Quote every line of the data below as it stands, omitting pictures.

*** The data ***

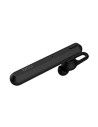 Dcu Auricular Mono Manos Libres Inalámbrico Dsp Bluetooth 5.0 Ipx4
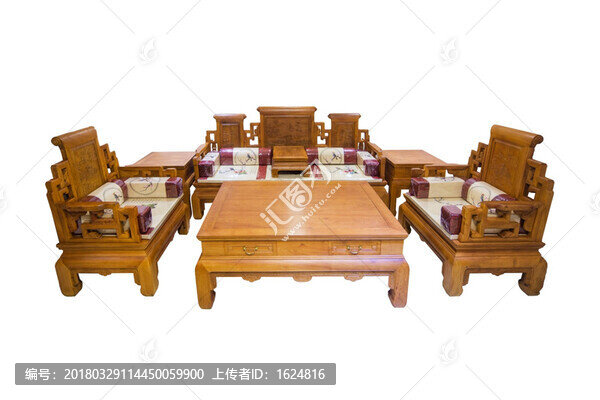 實(shí)木沙發(fā),中式沙發(fā),古典沙發(fā)-匯圖網(wǎng) www.fosd68.com 實(shí)木沙發(fā),中式沙發(fā),古典沙發(fā)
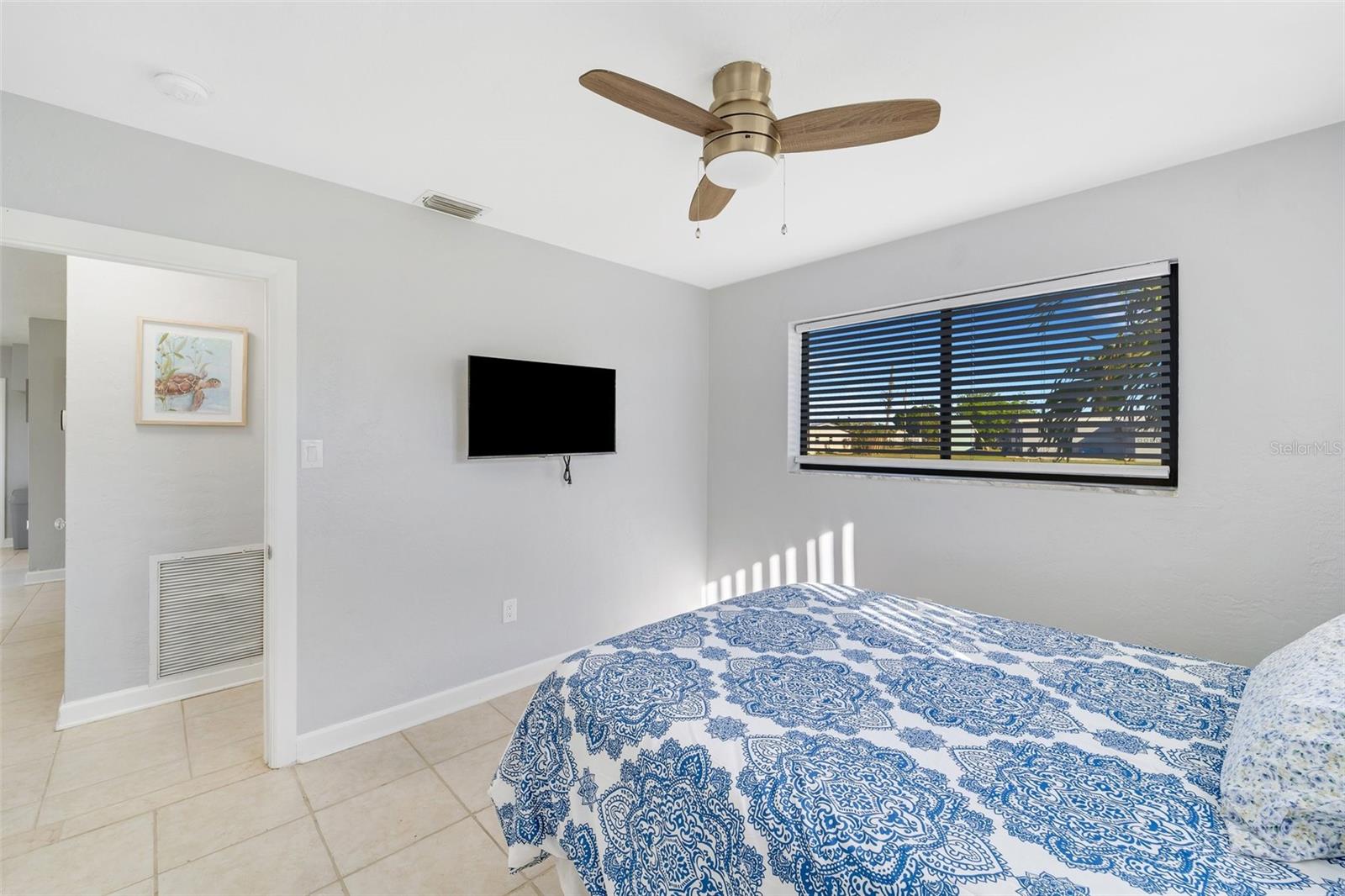 PORT CHARLOTTE SEC 45 - Residential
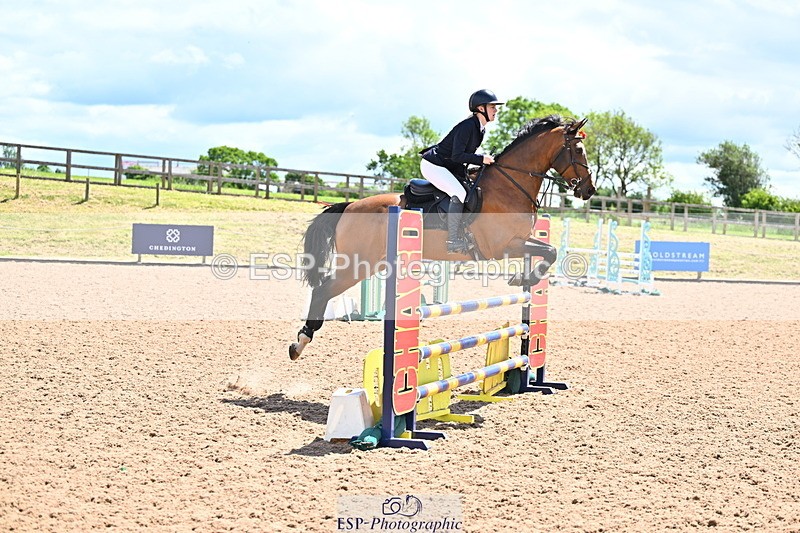 240608A-115944-02265 - Cls 3 Snr 1.05m Open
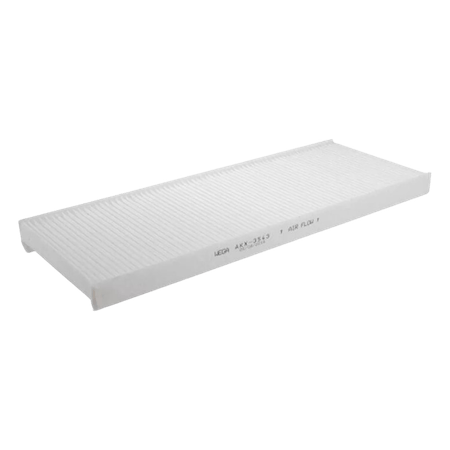 SAC5030-7899188805643-Inpeca-SAC-5030-Filtro-Ar-Condicionado-80-A4-Passat-2008-2007-2006-2005-comp-2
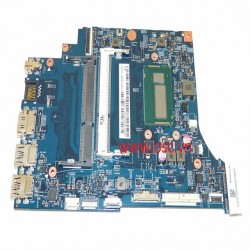 Thay thế sửa chữa đổi Mainboard Laptop Main Acer Main Acer V3-371 VA30-HB MB cpu on i3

*** End of The data ***

▶ [Answer box]
 Dcu Auricular Mono Manos Libres Inalámbrico Dsp Bluetooth 5.0 Ipx4
 實(shí)木沙發(fā),中式沙發(fā),古典沙發(fā)-匯圖網(wǎng) www.fosd68.com 實(shí)木沙發(fā),中式沙發(fā),古典沙發(fā)
 PORT CHARLOTTE SEC 45 - Residential
 240608A-115944-02265 - Cls 3 Snr 1.05m Open
 SAC5030-7899188805643-Inpeca-SAC-5030-Filtro-Ar-Condicionado-80-A4-Passat-2008-2007-2006-2005-comp-2
 Thay thế sửa chữa đổi Mainboard Laptop Main Acer Main Acer V3-371 VA30-HB MB cpu on i3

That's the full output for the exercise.